One of those needs, apparently, is to find out how great the latest FlyLady products are. Anytime one of her FlyBabies e-mails a gushing testimonial praising one of her offerings ("I first bought the FlyLady calendar last year, and I LOVE it!"), Cilley forwards it to her entire mailing list. The testimonials typically result in a sudden sales surge of several hundred of the mentioned item.
Cilley's growing enterprise presented new demands - namely, how to keep up with the crush of fan mail. Kelly Burns, a devoted subscriber, volunteered to help in 2000. Today she and her husband, Tom, work at Cilley's distribution center as two of FlyLady's 24 paid employees.
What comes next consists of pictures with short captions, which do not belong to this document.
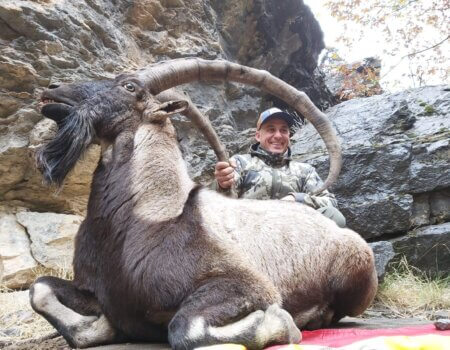 wta_2608_aa6069d8-9281-4a60-aeb5-8dc59cc5b660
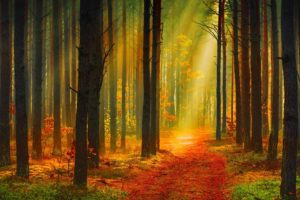 forest, Tree, Landscape, Nature, Autumn, Road, Path, Trail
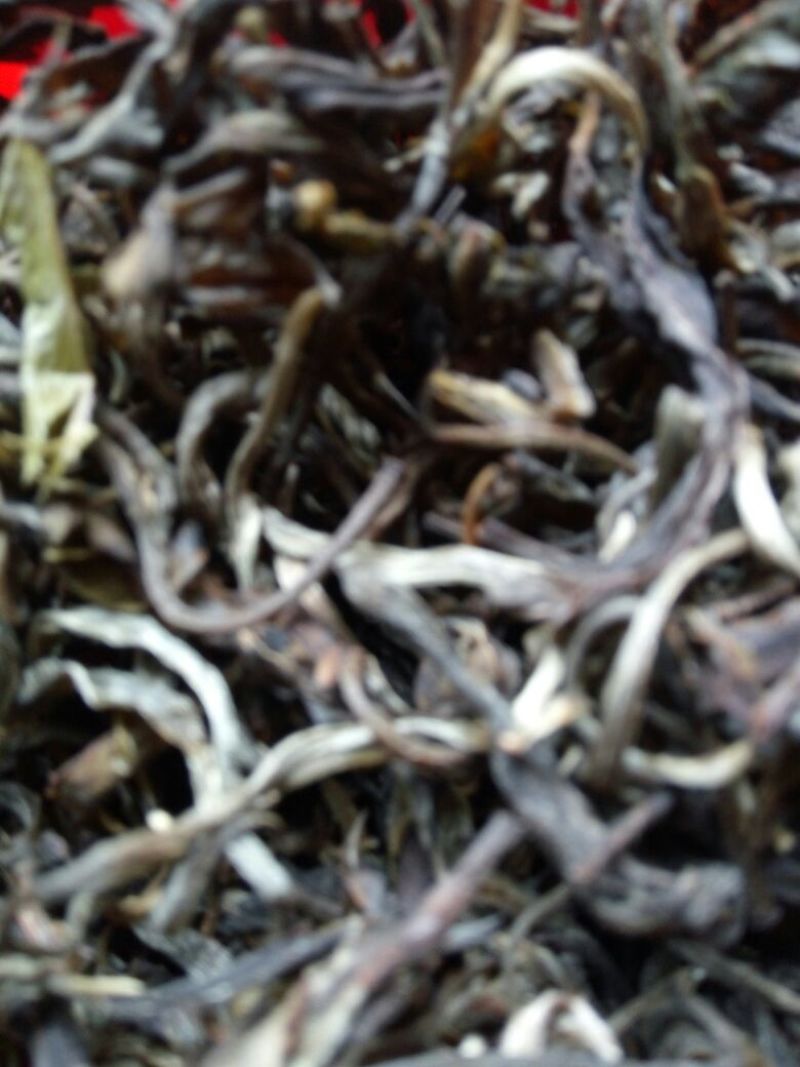本山茶一级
Cilley attracts new subscribers by writing a self-syndicated column that appears weekly in 225 newspapers and doing a live weekly call-in satellite radio show with Leanne Ely, a nutritionist and cookbook author, on worldtalkradio.com, where "The Fly Show" is rated No. 1 among more than 70 weekly shows, drawing about 140,000 listeners. Ely has also launched a successful Internet enterprise (savingdinner.com), with no small thanks to Cilley, who promotes it to her subscribers.
Now FlyLady is looking to expand her self-help empire. Her followers, she points out, face bigger issues than clutter. Already having penned bestsellers on controlling household and "body clutter" (weight and emotional issues), she is at work on a third book, FlyLady's take on spirituality. And now, with a full-time product-development officer (Jack Sgroi, whom she hired away from MiddleRiver Aircraft Systems), she is anticipating subscribers' needs with a spate of new products, including more efficient mops and roadside emergency kits.
As Cilley constantly tells her loyal FlyBabies about getting their houses in order, "If I can do it, you can do it." But when it comes to creating a business out of nagging, she flies alone.